Work order:
Print the listing below again from the line that contains "32 Oak Hills Rd, Edison, NJ 08820" onward, keeping every line exact and leaving out the lines before it.

-- Task material follows --

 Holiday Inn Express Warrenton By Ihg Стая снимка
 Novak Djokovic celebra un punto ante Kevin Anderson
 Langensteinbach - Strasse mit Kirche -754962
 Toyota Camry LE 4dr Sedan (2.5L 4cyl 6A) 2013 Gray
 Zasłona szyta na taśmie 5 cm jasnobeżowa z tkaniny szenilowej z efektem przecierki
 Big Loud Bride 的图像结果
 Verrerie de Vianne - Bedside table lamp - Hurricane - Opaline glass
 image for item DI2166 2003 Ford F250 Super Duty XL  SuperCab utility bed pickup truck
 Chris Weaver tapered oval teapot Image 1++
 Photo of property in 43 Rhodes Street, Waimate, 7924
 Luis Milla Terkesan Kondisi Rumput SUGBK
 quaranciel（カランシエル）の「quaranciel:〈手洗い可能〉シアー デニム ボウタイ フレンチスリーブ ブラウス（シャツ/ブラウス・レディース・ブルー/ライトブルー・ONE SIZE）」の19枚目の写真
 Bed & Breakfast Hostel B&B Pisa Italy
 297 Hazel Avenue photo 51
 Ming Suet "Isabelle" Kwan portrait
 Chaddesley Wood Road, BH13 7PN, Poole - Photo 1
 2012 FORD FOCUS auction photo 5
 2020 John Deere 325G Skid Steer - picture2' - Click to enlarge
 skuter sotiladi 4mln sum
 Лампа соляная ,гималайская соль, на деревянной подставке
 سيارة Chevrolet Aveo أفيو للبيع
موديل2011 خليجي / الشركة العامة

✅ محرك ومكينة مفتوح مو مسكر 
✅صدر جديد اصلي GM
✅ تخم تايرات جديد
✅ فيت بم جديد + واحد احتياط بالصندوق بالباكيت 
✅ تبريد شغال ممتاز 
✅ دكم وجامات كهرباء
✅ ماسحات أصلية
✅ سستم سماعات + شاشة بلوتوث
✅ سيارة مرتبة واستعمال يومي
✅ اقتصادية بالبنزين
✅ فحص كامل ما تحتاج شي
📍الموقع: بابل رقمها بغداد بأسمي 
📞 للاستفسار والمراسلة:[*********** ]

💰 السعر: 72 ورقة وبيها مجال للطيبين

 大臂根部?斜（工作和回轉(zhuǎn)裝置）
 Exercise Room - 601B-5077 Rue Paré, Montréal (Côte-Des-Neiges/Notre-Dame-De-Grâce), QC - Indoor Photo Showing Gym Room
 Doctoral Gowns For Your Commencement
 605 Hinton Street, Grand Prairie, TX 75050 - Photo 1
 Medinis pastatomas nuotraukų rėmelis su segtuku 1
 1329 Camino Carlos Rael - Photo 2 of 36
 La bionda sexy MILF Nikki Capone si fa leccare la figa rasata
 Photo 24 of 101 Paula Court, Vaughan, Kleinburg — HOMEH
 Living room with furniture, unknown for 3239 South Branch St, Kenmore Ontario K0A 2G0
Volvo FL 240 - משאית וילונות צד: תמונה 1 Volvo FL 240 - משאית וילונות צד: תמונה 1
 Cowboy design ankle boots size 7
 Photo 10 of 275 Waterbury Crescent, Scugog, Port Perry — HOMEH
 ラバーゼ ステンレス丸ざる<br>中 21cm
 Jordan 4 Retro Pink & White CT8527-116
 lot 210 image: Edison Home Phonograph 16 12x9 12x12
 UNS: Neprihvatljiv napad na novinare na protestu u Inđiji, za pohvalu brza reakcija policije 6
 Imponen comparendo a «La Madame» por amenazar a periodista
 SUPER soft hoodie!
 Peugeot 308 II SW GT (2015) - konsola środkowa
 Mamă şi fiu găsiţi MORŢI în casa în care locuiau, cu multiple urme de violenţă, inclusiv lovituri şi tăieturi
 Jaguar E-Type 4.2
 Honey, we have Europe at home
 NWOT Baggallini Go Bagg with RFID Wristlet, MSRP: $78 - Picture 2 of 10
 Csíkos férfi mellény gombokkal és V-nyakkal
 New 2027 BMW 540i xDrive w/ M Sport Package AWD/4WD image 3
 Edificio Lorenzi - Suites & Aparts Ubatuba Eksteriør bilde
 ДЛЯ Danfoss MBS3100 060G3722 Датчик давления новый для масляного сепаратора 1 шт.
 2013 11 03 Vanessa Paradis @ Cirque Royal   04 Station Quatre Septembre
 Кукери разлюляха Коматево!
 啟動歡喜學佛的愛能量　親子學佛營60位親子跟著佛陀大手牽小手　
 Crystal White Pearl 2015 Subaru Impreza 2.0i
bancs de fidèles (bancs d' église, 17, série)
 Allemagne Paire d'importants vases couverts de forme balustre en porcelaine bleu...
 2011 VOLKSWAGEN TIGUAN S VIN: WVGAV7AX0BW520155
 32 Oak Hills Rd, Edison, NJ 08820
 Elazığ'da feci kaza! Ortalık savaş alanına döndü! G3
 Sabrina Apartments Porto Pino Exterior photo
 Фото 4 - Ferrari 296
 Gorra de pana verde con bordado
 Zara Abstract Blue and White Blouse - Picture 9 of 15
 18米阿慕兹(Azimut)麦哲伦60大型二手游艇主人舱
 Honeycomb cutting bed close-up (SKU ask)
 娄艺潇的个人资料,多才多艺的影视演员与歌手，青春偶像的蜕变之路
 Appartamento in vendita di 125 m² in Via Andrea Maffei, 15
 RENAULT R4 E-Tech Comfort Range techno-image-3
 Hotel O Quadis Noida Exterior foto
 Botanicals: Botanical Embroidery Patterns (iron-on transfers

-- Task material concluded --

Finished task:
 32 Oak Hills Rd, Edison, NJ 08820
 Elazığ'da feci kaza! Ortalık savaş alanına döndü! G3
 Sabrina Apartments Porto Pino Exterior photo
 Фото 4 - Ferrari 296
 Gorra de pana verde con bordado
 Zara Abstract Blue and White Blouse - Picture 9 of 15
 18米阿慕兹(Azimut)麦哲伦60大型二手游艇主人舱
 Honeycomb cutting bed close-up (SKU ask)
 娄艺潇的个人资料,多才多艺的影视演员与歌手，青春偶像的蜕变之路
 Appartamento in vendita di 125 m² in Via Andrea Maffei, 15
 RENAULT R4 E-Tech Comfort Range techno-image-3
 Hotel O Quadis Noida Exterior foto
 Botanicals: Botanical Embroidery Patterns (iron-on transfers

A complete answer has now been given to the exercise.